2019.05.25
【第4回:若いヤツら】
部下の携帯に電話したらLINEで返事が来た。さて、どうする?
怒涛の昭和~平成を生き抜いてきた梅沢富美男さんが考える「男の生き方、身の処し方」とは? 常に一本芯の通った、炎上を恐れぬ本音コメントは世の迷えるオヤジ&コヤジのバイブルですぞ!
- CREDIT :
構成/紺野美紀 写真/内田裕介 イラスト/ゴトウイサク

LEONの読者は30代、40代が多いのか? そうすると、俺の言ってることの半分くらいは共感してくれるんじゃないかな(笑)。
他人の写真に「イイね」して、食った気になるな
ウチの娘たちもそういうところがあるんだよ。俺からしたら、不思議で仕方ない。世の中には面白いことがいっぱいあるんだよって言っても、なかなか興味を示さないんだな。
今はインターネットで何でも情報が入ってくるけどさ、自分で実際に経験しなきゃ分からないだろう。美味いも不味いも、甘いも辛いも、食ってみなきゃ分からない。ネットで知ったことは、単に知った気になってるだけだろ。
SNSで人気があるとかじゃなくて、自分で食ってみて、それから好きか嫌いか判断しろよってこと。写真見て“イイね”して、行った気、食った気になってるんじゃね~よ。とにかく、尻が重くていいことないんだって言いたいね。
入社一年目で自分の実力なんて分かるわけないだろ
右も左も分からないところから仕事をきっちりと覚えて出来るようになって、10年経った時に“私には合ってない”っていうなら仕方ないよ。でも、一二年で何が分かるんだって。

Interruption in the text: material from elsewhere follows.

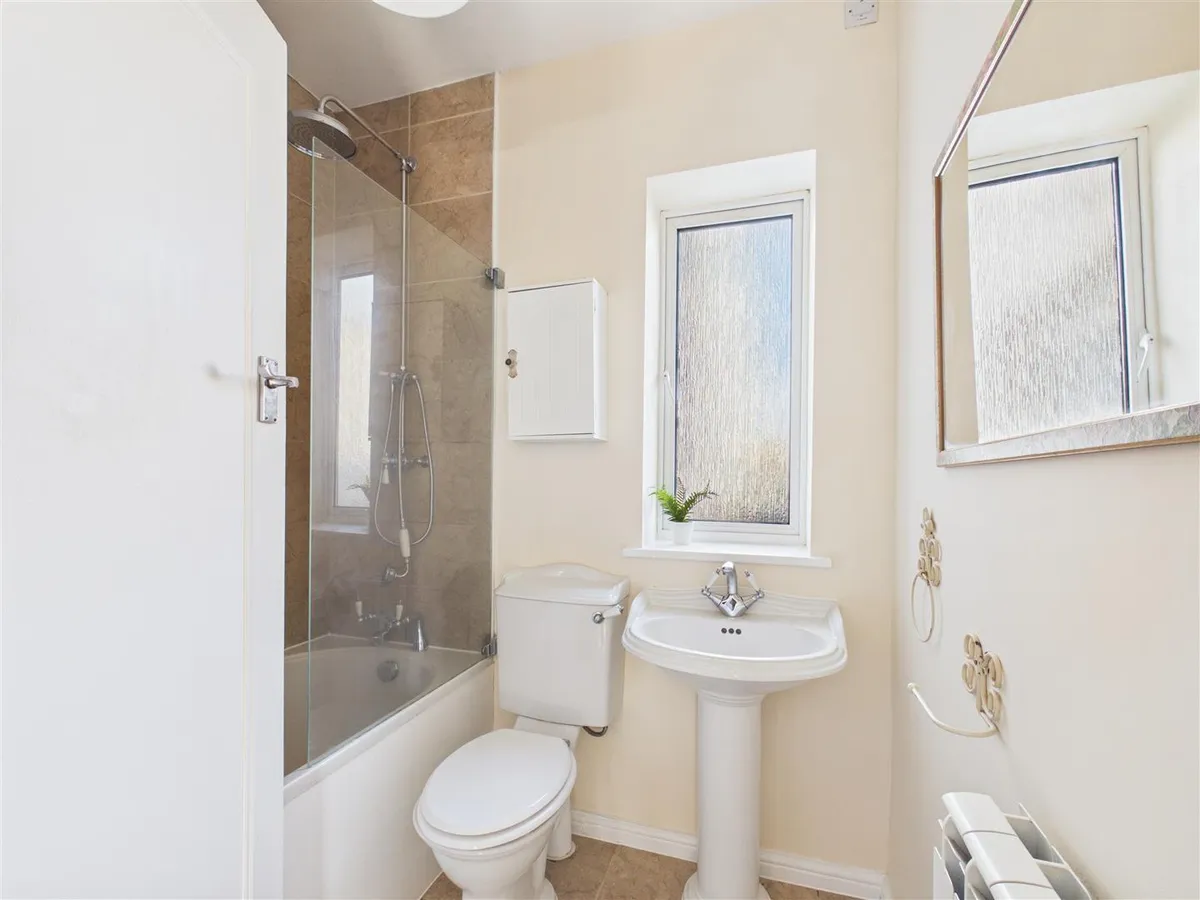 Netherby court la ruelle es reaux 34510587 cam05512 g0 pr0041 still007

なかには、入社1年目で「ボクの実力が発揮出来ない」って辞めるヤツもいるらしいけど、何が実力だよ(笑)。自分の実力がそう簡単に分かるかって。ごくたまに自分で起業して成功するヤツもいるし、憧れるのも分かるけど、そんなの一握りだからね。そいつが天才ならいいよ。でもほとんどのヤツは凡才。普通の人だろ。
まずは先輩や上司の仕事をじっくり見て、経験を重ねることだよ。「ダメだな」というところは真似しなきゃいいの。そのうちに自分なりの仕事の方法が分かってくるんだよ。

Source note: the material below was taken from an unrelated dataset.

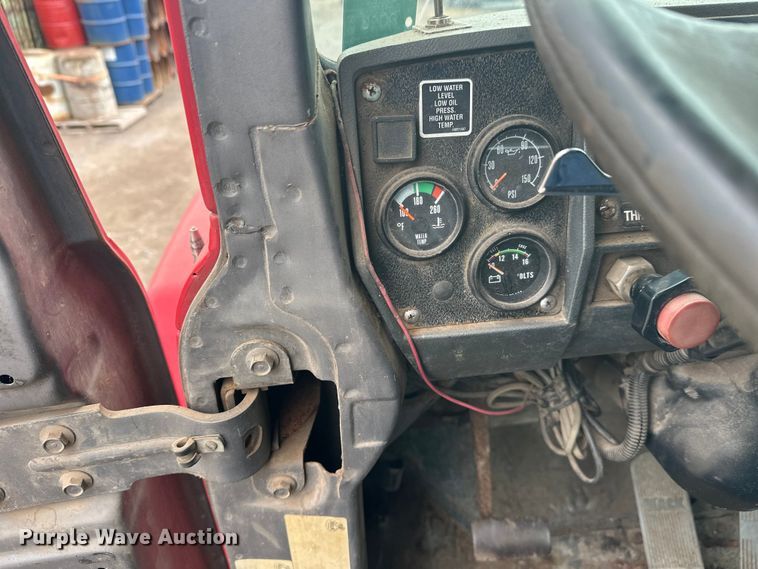 image for item EL0068 1995 Mack RD688S hook lift truck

劇団の若いヤツらにも、「石の上にも三年、辛抱する木に花が咲くって言うだろう」って話すんだけど、「何で三年なんですか?」って。そこじゃないだろ!(笑)。

電話に出ないなら携帯電話なんて捨てちまえ
電話が苦手って、それじゃ仕事にならないだろう! 我が家では、家族間のメールとLINEは禁止です。電話に出ないんなら、携帯電話なんて捨てちまえって話。文字だけじゃ伝わらないことっていっぱいあるんですよ。
俺は人ときちんと向き合わないヤツは、信用できない。そんな部下がいたら、バカ野郎!ってLINEを返す……ワケねえだろ(笑)。電話してそう言うよ。
今はそういう時代じゃないんですって言うヤツがいるけどさ。そうやって人が積み重ねて大切にしてきたものを疎かにすると、絶対後悔するんだよ。人間の本質なんて10年や20年じゃ変わんないっての!

● 梅沢富美男(うめざわ・とみお)
1950年11月9日、福島県福島市生まれ。血液型B型。俳優・歌手・タレント。剣劇一座「梅沢劇団」の創設者で大衆演劇のスターだった梅沢清と娘歌舞伎出身の竹沢龍千代の5男として生まれ、1歳5か月で初舞台。15歳で本格的に役者の道へ。1976年、女形に転向し「下町の玉三郎」として大ブレイク。1982年には『夢芝居』で歌手デビューし50万枚を超えるヒットに。現在は「梅沢劇団」三代目座長として年間180日舞台に立つ傍ら、テレビにも数多く出演。バラエティや情報番組での歯に衣着せぬ直言コメントで人気を得ている。